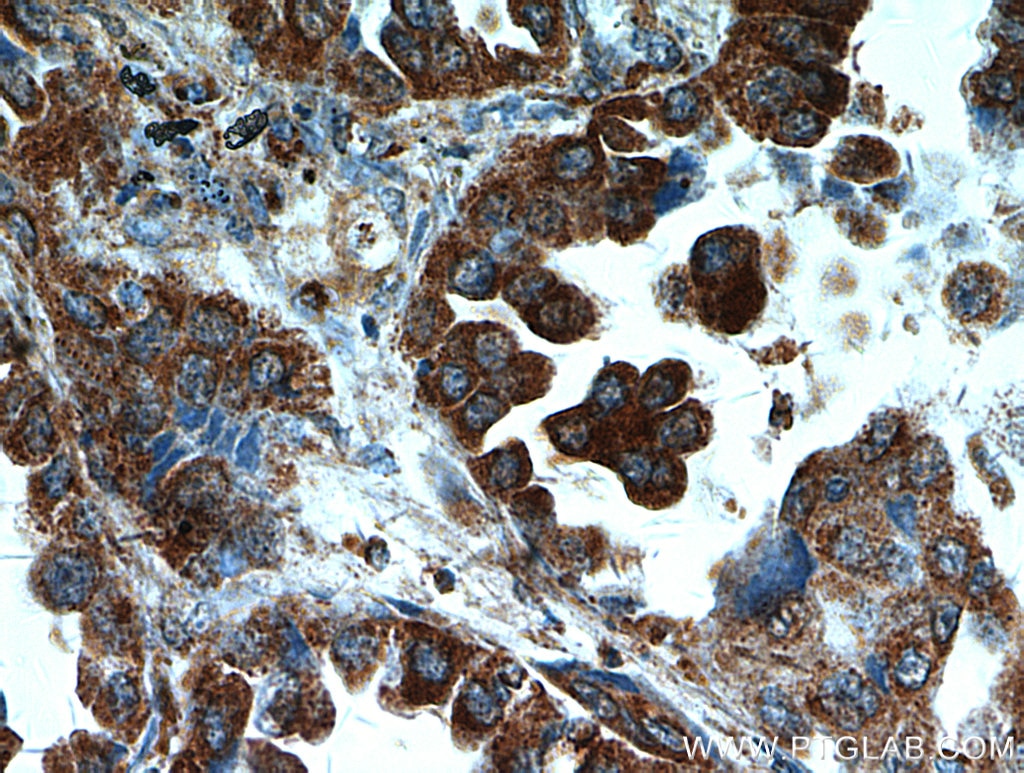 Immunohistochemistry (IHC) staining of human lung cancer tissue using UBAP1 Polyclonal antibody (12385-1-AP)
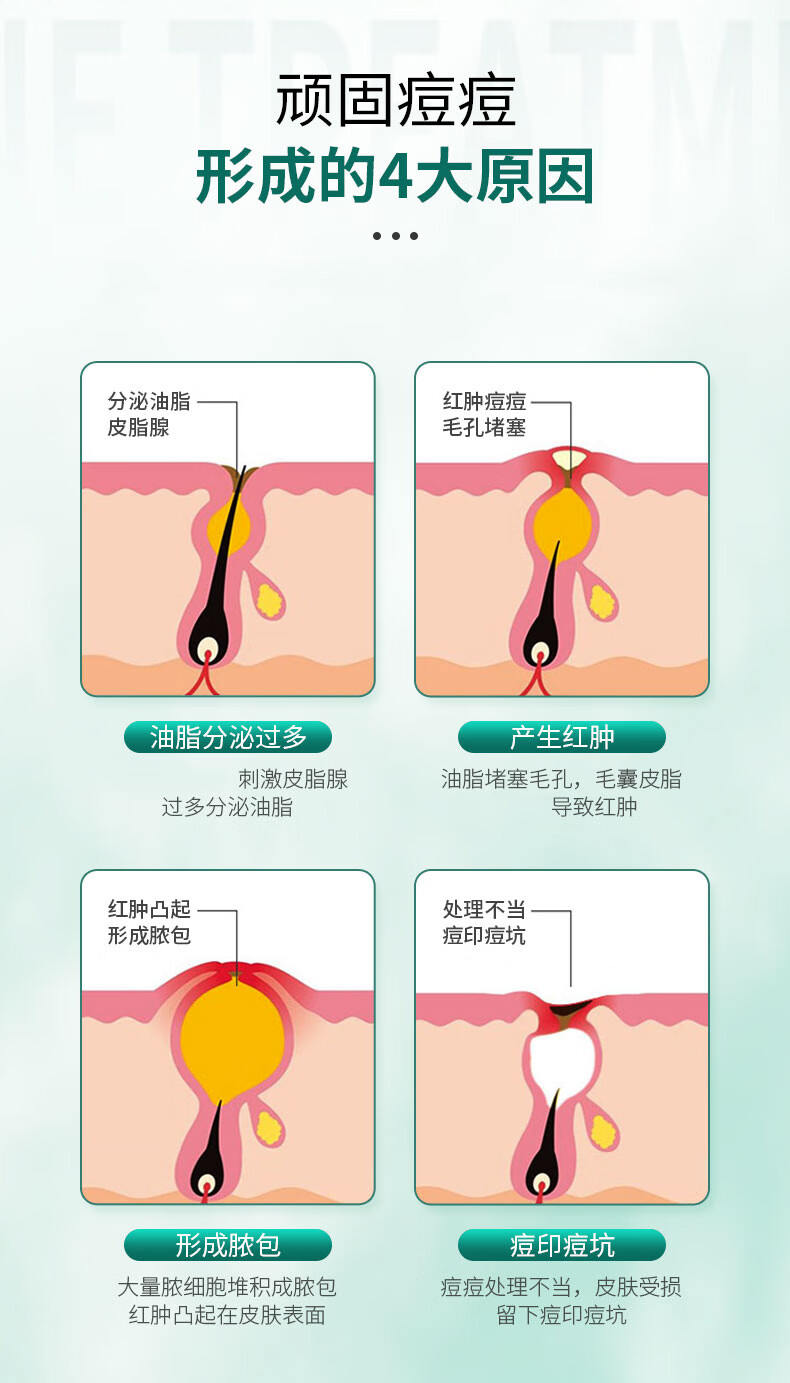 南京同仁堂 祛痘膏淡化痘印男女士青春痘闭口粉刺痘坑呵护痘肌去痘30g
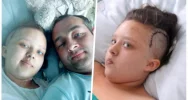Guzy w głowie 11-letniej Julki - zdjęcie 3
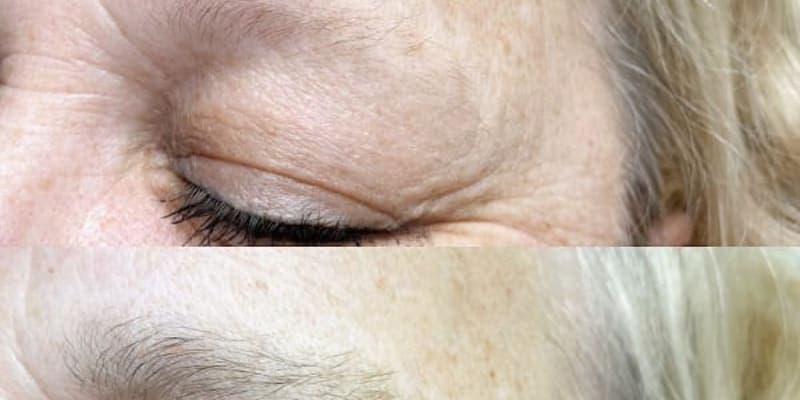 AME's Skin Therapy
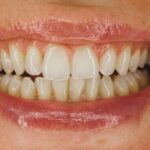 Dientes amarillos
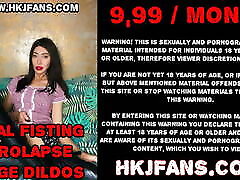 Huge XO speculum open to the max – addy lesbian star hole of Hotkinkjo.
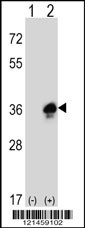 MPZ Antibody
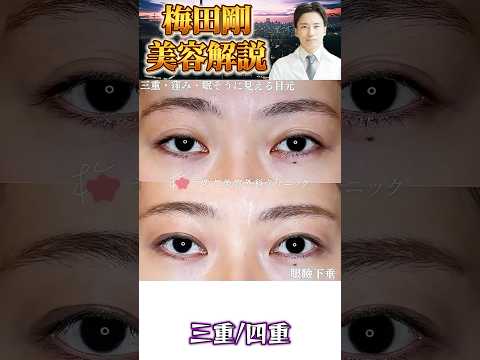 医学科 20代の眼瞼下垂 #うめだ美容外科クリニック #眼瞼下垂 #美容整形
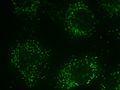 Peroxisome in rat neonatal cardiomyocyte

» **Exercise goal**: Write out, word for word, only the lines from the one containing "南京同仁堂 祛痘膏淡化痘印男女士青春痘闭口粉刺痘坑呵护痘肌去痘30g" to the end of the data above; the pictures stay out.

» **Result for this exercise**:
 南京同仁堂 祛痘膏淡化痘印男女士青春痘闭口粉刺痘坑呵护痘肌去痘30g
Guzy w głowie 11-letniej Julki - zdjęcie 3
 AME's Skin Therapy
 Dientes amarillos
 Huge XO speculum open to the max – addy lesbian star hole of Hotkinkjo.
 MPZ Antibody
 医学科 20代の眼瞼下垂 #うめだ美容外科クリニック #眼瞼下垂 #美容整形
 Peroxisome in rat neonatal cardiomyocyte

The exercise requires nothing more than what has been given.